Figure 4:. MDL-1 deficiency impairs osteoclast differentiation and bone resorption.

(A) TRAP stain of WT (n=4) and Mdl-1^−/− (n=4) BMM cultured with MCSF and RANKL for indicated days showing delayed osteoclast maturation and (B) lower total number of TRAP⁺ multinucleated cells (MNCs) in Mdl-1^−/− mice. Images are representative of three independent experiments. (C-E) Gene expression analysis showing reduced expression of osteoclast differentiation markers at day 6 and (F) osteoclast precursor at early (day 4) and late (day 8) time-point in Mdl-1^−/− mice. (G-H) WT and Mdl-1^−/− bone marrow cells cultured on dentine slices for 18 days with MCSF and RANKL showing (G) reduced dentine erosion surface area and (H) reduced depth of resorbed area by Mdl-1^−/− osteoclasts. (I) TRAP stain of WT and Mdl-1^−/− BMM cultured with MCSF, RANKL and IL-23 for indicated days showing delayed osteoclast maturation under inflammatory condition and (J) lower total number of TRAP⁺ MNCs in Mdl-1^−/− mice. Images are representative of three independent experiments. (K-M) Gene expression analysis showing reduced expression of osteoclast differentiation markers in Mdl-1^−/− mice. Data represent mean ± SEM of two independent experiments. *P<0.05; ** P<0.01; *** P<0.001 by Mann-Whitney test.

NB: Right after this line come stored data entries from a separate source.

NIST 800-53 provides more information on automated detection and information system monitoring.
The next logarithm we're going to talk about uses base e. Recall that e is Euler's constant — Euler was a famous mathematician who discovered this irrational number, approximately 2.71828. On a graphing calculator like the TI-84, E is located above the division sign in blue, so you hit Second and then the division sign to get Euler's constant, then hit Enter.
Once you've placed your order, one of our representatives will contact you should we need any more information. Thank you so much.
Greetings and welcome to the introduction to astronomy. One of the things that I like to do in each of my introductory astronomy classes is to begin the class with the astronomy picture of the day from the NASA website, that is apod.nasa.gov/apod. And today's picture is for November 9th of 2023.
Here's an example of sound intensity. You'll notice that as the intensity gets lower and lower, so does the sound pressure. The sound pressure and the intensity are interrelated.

Figure 5:. MDL-1 deficiency impairs osteoclast differentiation and bone loss in vivo.

(A-G) High resolution μCT analysis of 26-week old murine (A) femoral bone, (B) mid femur, (cortical bone) and (C) distal femur (trabecular bone) showing a significantly higher ratio of (D) the bone volume/tissue volume BV/TV, (E) Trabecular number, Tb.N, (F) Trabecular thickness, Tb.Th, (G) and Bone surface, BS (in Mdl-1^−/− compared to WT mice. (H) Bone histomorphometry analysis showing lower osteoclast surface over bone surface area (Oc.S/BS), (I) lower type I collagen (CTX-1) serum levels (bone resorption marker) in Mdl-1^−/−, (J) Von Kossa-stain with (K) Toluidine blue counterstain showing increased calcium deposits in representative bone images. Serum analysis of (L) RANKL, (M) OPG and (N) ratio of RANKL/OPG levels showing no significant changes between WT and Mdl-1^−/− mice. Data represent mean ± SEM of two independent experiments. *P<0.05; ** P<0.01; *** P<0.001 by Mann-Whitney test.

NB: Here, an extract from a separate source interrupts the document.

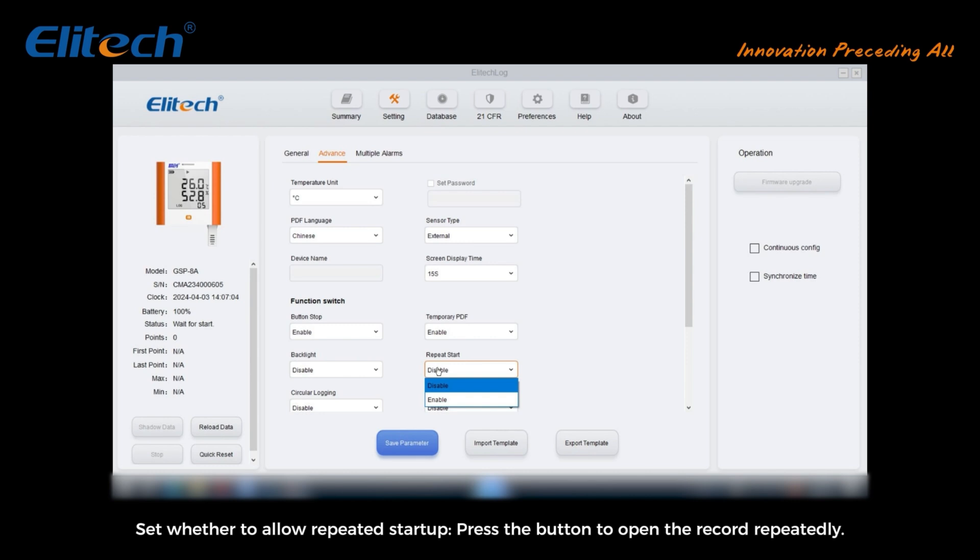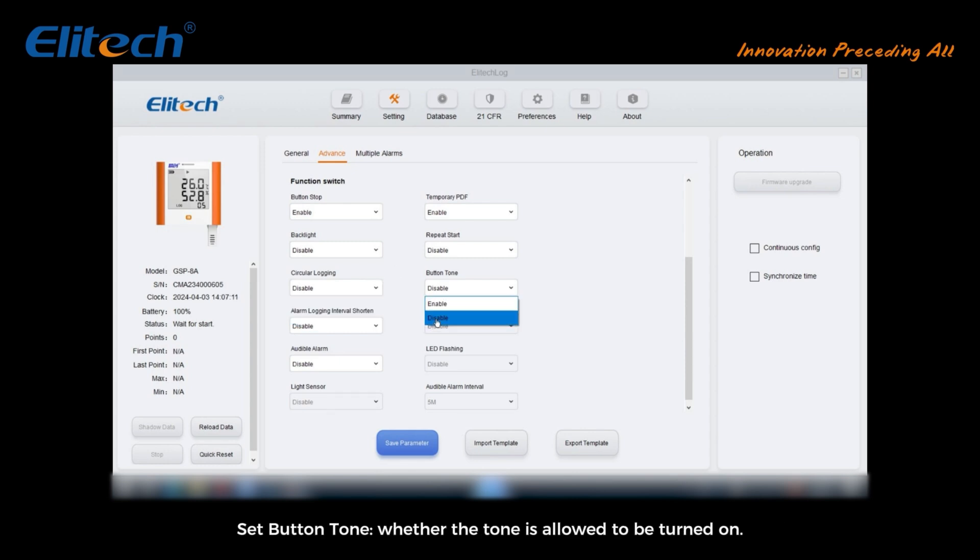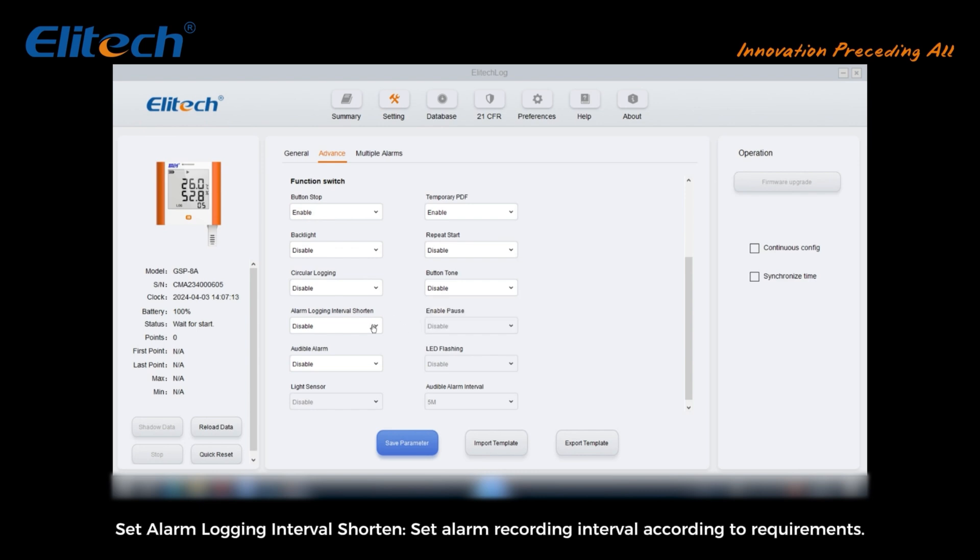Set whether to allow circular logging: when data is full, new data overwrites old data. Set button tone: whether the tone is allowed to be turned on. Set alarm logging interval: shorten alarm recording interval according to requirements.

Figure 6:. Schematic of IL-23 activation of MDL-1⁺ osteoclast precursors in inflammatory arthritis.

Graphical representation of IL-23 effect on the (1) expansion of MDL-1⁺IL-23r⁺ myeloid precursors which (2) differentiate into MDL-1⁺CX3CR1⁺RANK⁺ and MDL-1⁺CD11c⁺RANK⁺ inflammatory osteoclast precursors resulting in (3) enhancement of DAP12-costimulatory signaling, (4) and terminal differentiation of osteoclasts contributing to pathogenicity in inflammatory arthritis.